定量的shRNAスクリーニングによる新規幹細胞機能制御遺伝子の同定

記事ID : 11671

定量的shRNAスクリーニングによる新規幹細胞機能制御遺伝子の同定
佐賀大学医学部 特別講師 西岡 憲一 先生 ご寄稿

3. 解析結果


(1) 基本データ

専用デコンボリューションソフトウェアを使って、投入群と選抜群それぞれについての次世代シーケンサーの配列情報から各shRNAコンストラクトを同定し、それぞれのリード数の情報を得た。その結果、得られた各2千万リードのうち、最大/最小リード数は各モジュールでそれぞれ12,314/14及び2,806/8であった(表2)。このことから、ライブラリーウイルス感染後に各コンストラクト間の存在比率の差は拡大したものの、全てのshRNAコンストラクトについて評価できていることがわかる。各データの正規化を行った後、投入群と選抜群との比率をLog2変換(ΔLog2)し、3回の実験について平均値と標準偏差を算出した(表2)。平均値によってshRNAコンストラクトのID及び標的遺伝子を並べ直してランキング化した。標準偏差のおよそ95%が0.2以下(平均はそれぞれ0.0913及び0.0880)だったので、ざっくりと分けるとすれば、平均値が0.4以上のshRNAコンストラクトは投入群と比較して高発現の選抜群で有意に濃縮されていることが期待される(図2及び表2)。この範囲には全コンストラクトのおよそ2.5%が相当していた。また、それらの10〜20%が同一の遺伝子を標的としたものだった。

■ 表2:スクリーニングの基本データ
  最小リード数
(/ 2x107)
最大リード数
(/ 2x107)
平均標準偏差
(Δlog2)
ΔLog2 > 0.4
(1.32倍以上濃縮)
1.5倍以上濃縮
Module 1 14 12,314 0.0913 632(498 genes) 158(124 genes)
Module 2 8 2,806 0.0880 692(604 genes) 170(157 genes)
全shRNAコンストラクトの濃縮率
図2 全shRNAコンストラクトの濃縮率
全shRNAコンストラクトの濃縮率の分布。X軸は投入群において検出された各shRNAコンストラクトの正規化リード数の平均値(N=3)で、Y軸は選抜群と投入群の平均値の比をLog2変換したものである(ΔLog2)。Y軸値のΔLog2>0 は投入群よりも選抜群でリードが多く検出され、濃縮傾向にあることを示す(Increase)。

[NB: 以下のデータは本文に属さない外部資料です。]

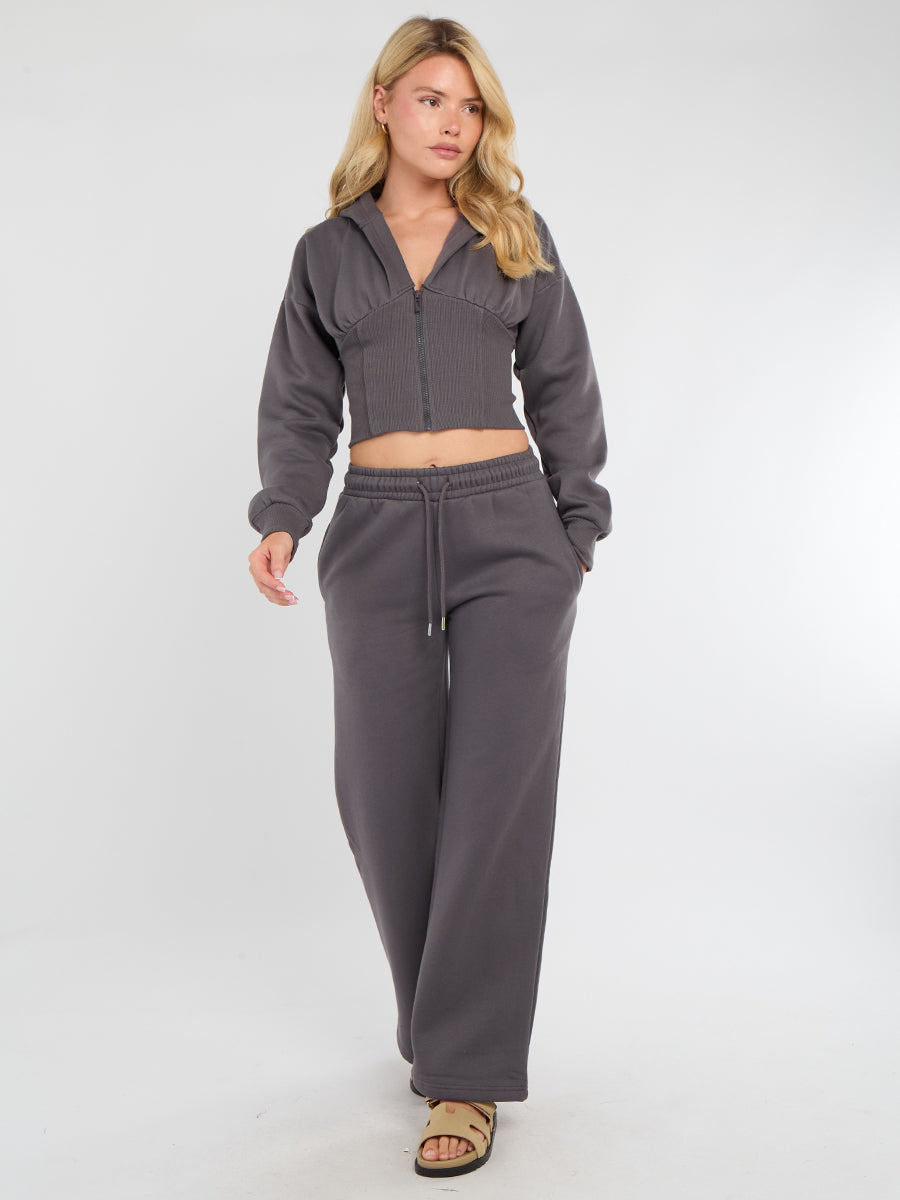 Cropped Zip Up Hood Sweatshirt & Wide Leg Trouser Tracksuit 🇬🇧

ΔLog2>0.4を示すshRNAコンストラクトは有意に濃縮されている可能性がある。

(2) 既知ポリコーム群遺伝子産物のノックダウン

ライブラリーには一定数の既知ポリコーム群遺伝子産物を標的とするshRNAコンストラクトが含まれているので、これらをデータから抽出してみた。ライブラリーには1遺伝子あたり5〜6種類のshRNAコンストラクトが含まれている。当然のことながら、同一遺伝子に対するそれぞれの効果は一様ではない。今回は最も濃縮されたshRNAコンストラクトで該当する標的遺伝子を代表させた。すると、抽出した14種類全てのshRNAコンストラクトのΔLog2値が0より大きく、6種類が0.4以上であった(図3)。したがってこの結果から、スクリーニングの系がうまく動いており、目標とするポリコーム群遺伝子機能に影響を及ぼす新規遺伝子が採れていることが期待される。またこのように、全ての解析した遺伝子についての情報が得られるのもこの次世代型スクリーニング法の利点であろう。ちなみに図2のModule1において、最も希釈されたshRNAコンストラクトはCol4a1遺伝子に対するものだった。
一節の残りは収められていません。